RECORD EXCERPTS -

********************

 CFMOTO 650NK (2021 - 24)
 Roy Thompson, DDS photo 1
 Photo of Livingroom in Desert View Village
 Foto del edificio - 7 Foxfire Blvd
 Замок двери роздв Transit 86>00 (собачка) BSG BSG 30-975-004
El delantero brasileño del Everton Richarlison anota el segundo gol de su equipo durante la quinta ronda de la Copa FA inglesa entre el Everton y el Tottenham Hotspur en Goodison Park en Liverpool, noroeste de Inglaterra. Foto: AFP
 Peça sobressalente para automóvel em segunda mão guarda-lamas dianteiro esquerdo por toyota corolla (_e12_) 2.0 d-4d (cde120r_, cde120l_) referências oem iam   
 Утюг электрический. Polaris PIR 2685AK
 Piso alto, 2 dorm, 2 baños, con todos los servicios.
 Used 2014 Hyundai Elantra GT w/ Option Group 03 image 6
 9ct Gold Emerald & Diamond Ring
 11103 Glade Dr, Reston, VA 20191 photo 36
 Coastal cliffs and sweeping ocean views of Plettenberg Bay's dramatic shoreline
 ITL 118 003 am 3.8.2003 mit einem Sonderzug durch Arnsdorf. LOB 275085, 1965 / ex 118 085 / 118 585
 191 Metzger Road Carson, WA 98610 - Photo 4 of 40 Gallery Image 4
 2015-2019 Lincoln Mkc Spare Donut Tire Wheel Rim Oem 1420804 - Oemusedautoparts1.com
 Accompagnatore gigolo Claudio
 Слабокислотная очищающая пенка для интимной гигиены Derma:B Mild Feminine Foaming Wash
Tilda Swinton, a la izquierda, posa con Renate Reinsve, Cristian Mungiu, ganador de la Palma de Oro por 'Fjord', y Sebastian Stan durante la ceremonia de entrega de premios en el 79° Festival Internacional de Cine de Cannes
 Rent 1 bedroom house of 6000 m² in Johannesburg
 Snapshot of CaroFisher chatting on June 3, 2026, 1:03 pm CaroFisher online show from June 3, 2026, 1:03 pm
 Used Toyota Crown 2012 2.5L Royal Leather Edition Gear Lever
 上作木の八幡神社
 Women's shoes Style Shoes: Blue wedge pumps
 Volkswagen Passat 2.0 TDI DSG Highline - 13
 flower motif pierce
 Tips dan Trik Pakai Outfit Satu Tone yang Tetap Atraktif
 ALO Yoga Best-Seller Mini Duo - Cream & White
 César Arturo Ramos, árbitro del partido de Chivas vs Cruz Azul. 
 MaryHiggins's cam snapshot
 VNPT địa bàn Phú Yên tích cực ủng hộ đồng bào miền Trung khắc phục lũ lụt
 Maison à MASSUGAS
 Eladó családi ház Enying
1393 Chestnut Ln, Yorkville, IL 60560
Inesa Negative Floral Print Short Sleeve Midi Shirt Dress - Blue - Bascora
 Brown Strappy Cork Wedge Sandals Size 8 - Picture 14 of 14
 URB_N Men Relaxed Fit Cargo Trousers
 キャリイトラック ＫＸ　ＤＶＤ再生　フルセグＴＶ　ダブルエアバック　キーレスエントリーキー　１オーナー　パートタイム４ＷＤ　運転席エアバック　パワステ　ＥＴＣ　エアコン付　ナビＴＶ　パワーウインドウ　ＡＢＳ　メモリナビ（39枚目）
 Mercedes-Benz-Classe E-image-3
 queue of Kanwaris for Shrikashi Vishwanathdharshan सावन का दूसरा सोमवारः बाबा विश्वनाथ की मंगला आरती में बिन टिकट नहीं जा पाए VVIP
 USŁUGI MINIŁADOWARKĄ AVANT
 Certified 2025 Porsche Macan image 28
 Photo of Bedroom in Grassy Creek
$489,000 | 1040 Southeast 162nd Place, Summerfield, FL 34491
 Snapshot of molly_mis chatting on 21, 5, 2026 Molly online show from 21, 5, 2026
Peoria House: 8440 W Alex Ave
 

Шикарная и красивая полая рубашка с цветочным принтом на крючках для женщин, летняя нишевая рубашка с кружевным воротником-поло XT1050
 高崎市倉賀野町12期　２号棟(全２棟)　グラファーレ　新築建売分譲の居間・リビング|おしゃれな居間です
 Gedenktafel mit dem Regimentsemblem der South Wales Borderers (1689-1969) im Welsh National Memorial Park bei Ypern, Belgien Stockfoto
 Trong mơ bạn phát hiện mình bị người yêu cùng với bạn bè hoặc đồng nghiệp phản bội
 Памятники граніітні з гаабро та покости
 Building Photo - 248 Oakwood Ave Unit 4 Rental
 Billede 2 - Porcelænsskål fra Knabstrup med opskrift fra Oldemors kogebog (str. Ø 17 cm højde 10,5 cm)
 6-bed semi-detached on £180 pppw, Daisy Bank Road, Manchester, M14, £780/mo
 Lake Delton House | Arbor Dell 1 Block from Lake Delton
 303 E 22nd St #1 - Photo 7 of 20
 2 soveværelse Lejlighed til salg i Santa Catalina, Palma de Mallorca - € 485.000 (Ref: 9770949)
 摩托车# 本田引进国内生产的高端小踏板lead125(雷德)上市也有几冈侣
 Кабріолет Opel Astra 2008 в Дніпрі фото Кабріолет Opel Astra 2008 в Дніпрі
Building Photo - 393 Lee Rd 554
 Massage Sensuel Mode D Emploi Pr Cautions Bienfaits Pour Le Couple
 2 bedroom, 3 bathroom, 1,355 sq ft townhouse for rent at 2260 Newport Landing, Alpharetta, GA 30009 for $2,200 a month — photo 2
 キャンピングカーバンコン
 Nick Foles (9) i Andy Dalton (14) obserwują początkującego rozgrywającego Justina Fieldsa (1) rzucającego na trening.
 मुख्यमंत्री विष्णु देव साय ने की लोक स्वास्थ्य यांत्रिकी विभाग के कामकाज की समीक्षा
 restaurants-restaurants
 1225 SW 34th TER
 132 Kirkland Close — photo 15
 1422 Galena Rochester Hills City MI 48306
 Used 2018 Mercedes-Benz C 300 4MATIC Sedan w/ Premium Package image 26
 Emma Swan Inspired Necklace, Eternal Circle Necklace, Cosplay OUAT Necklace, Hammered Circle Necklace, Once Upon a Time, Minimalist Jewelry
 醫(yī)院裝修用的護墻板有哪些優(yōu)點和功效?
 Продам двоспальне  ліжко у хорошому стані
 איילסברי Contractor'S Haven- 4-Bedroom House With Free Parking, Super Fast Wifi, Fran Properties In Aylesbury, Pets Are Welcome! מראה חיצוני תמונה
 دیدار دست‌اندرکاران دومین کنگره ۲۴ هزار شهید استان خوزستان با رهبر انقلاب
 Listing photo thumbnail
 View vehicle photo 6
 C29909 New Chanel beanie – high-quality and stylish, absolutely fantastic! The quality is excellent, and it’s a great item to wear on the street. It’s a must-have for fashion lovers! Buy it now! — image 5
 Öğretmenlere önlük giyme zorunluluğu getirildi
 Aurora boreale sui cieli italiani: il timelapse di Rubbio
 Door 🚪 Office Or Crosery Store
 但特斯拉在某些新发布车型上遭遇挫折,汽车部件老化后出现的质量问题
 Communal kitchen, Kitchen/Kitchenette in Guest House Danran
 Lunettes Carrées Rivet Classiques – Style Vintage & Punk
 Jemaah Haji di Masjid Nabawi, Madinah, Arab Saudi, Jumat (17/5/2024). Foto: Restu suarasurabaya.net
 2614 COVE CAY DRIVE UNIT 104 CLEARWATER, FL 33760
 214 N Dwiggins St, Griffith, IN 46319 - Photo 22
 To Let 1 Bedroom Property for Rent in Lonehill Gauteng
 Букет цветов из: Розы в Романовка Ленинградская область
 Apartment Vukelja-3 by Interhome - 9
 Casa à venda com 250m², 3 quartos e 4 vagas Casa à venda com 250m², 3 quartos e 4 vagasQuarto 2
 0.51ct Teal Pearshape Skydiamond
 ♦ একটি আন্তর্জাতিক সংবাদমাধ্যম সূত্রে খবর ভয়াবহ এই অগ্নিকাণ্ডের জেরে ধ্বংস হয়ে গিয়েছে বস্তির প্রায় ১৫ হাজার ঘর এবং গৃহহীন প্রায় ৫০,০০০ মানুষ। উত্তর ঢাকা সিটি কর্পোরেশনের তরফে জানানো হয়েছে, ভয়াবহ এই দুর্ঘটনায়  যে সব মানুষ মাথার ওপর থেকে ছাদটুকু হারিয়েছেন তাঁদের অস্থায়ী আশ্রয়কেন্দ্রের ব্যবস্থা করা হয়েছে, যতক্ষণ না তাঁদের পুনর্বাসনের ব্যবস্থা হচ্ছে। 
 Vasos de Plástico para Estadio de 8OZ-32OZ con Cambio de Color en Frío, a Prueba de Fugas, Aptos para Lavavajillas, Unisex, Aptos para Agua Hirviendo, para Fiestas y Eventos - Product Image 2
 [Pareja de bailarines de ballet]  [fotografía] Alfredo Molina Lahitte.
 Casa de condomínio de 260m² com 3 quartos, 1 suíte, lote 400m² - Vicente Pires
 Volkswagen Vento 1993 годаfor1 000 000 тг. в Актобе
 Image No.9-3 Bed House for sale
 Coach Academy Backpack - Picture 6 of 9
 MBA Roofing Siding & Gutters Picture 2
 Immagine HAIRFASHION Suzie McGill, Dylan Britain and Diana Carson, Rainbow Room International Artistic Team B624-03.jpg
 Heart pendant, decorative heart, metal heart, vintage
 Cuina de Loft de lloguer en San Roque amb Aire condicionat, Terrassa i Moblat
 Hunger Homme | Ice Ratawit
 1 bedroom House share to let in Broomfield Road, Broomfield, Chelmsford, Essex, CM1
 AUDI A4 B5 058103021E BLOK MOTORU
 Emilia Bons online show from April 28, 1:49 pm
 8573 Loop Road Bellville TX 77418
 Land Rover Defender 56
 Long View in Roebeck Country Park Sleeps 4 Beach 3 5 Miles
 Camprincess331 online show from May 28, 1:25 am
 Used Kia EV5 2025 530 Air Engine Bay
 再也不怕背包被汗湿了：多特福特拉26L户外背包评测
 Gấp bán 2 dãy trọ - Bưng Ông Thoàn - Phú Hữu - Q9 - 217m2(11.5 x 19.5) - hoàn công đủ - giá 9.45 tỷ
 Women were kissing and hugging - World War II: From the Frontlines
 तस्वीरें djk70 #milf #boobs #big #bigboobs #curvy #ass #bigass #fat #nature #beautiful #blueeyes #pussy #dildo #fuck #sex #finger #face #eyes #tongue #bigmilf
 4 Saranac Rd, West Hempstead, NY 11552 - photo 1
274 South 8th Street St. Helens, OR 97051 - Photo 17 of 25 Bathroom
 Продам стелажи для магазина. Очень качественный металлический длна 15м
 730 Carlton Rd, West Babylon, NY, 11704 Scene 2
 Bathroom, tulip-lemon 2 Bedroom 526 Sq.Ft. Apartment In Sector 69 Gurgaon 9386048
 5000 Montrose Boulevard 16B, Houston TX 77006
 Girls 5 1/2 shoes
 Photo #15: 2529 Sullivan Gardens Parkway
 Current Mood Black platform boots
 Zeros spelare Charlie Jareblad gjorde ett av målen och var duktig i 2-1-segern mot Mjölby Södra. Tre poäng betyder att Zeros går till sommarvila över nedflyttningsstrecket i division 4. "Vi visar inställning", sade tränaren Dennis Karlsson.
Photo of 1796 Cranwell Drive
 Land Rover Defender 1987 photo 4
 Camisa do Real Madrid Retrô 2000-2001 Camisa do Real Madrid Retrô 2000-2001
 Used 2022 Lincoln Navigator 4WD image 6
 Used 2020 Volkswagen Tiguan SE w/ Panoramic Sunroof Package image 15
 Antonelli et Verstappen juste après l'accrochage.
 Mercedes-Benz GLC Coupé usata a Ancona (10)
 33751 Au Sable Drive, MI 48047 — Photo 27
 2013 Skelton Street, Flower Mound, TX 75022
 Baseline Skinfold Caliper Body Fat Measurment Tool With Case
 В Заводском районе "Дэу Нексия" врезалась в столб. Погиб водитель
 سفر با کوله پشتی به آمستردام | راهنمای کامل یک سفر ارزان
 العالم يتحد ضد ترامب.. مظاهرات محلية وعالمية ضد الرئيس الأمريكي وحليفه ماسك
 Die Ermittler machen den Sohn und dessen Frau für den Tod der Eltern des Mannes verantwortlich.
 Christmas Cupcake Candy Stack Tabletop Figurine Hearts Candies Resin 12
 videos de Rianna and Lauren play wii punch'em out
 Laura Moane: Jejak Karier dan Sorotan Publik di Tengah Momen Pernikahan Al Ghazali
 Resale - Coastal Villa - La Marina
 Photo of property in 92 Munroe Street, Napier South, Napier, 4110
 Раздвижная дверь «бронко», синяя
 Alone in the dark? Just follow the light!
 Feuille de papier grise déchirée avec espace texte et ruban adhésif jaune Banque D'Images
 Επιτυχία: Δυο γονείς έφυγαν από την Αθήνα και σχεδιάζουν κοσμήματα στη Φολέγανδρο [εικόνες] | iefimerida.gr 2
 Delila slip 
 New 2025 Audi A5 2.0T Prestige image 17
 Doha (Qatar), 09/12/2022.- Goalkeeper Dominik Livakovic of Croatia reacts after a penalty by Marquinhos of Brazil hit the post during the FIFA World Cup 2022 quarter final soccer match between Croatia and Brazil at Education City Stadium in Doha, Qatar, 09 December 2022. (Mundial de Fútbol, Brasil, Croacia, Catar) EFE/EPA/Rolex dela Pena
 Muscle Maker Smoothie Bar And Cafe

********************

AIM OF THE TASK -
All that should be written out is the stretch of lines above between the one holding "Öğretmenlere önlük giyme" and the one holding "Image No.9-3 Bed House for sale", inclusive, exactly as given.

WRITTEN RESPONSE -
 Öğretmenlere önlük giyme zorunluluğu getirildi
 Aurora boreale sui cieli italiani: il timelapse di Rubbio
 Door 🚪 Office Or Crosery Store
 但特斯拉在某些新发布车型上遭遇挫折,汽车部件老化后出现的质量问题
 Communal kitchen, Kitchen/Kitchenette in Guest House Danran
 Lunettes Carrées Rivet Classiques – Style Vintage & Punk
 Jemaah Haji di Masjid Nabawi, Madinah, Arab Saudi, Jumat (17/5/2024). Foto: Restu suarasurabaya.net
 2614 COVE CAY DRIVE UNIT 104 CLEARWATER, FL 33760
 214 N Dwiggins St, Griffith, IN 46319 - Photo 22
 To Let 1 Bedroom Property for Rent in Lonehill Gauteng
 Букет цветов из: Розы в Романовка Ленинградская область
 Apartment Vukelja-3 by Interhome - 9
 Casa à venda com 250m², 3 quartos e 4 vagas Casa à venda com 250m², 3 quartos e 4 vagasQuarto 2
 0.51ct Teal Pearshape Skydiamond
 ♦ একটি আন্তর্জাতিক সংবাদমাধ্যম সূত্রে খবর ভয়াবহ এই অগ্নিকাণ্ডের জেরে ধ্বংস হয়ে গিয়েছে বস্তির প্রায় ১৫ হাজার ঘর এবং গৃহহীন প্রায় ৫০,০০০ মানুষ। উত্তর ঢাকা সিটি কর্পোরেশনের তরফে জানানো হয়েছে, ভয়াবহ এই দুর্ঘটনায়  যে সব মানুষ মাথার ওপর থেকে ছাদটুকু হারিয়েছেন তাঁদের অস্থায়ী আশ্রয়কেন্দ্রের ব্যবস্থা করা হয়েছে, যতক্ষণ না তাঁদের পুনর্বাসনের ব্যবস্থা হচ্ছে। 
 Vasos de Plástico para Estadio de 8OZ-32OZ con Cambio de Color en Frío, a Prueba de Fugas, Aptos para Lavavajillas, Unisex, Aptos para Agua Hirviendo, para Fiestas y Eventos - Product Image 2
 [Pareja de bailarines de ballet]  [fotografía] Alfredo Molina Lahitte.
 Casa de condomínio de 260m² com 3 quartos, 1 suíte, lote 400m² - Vicente Pires
 Volkswagen Vento 1993 годаfor1 000 000 тг. в Актобе
 Image No.9-3 Bed House for sale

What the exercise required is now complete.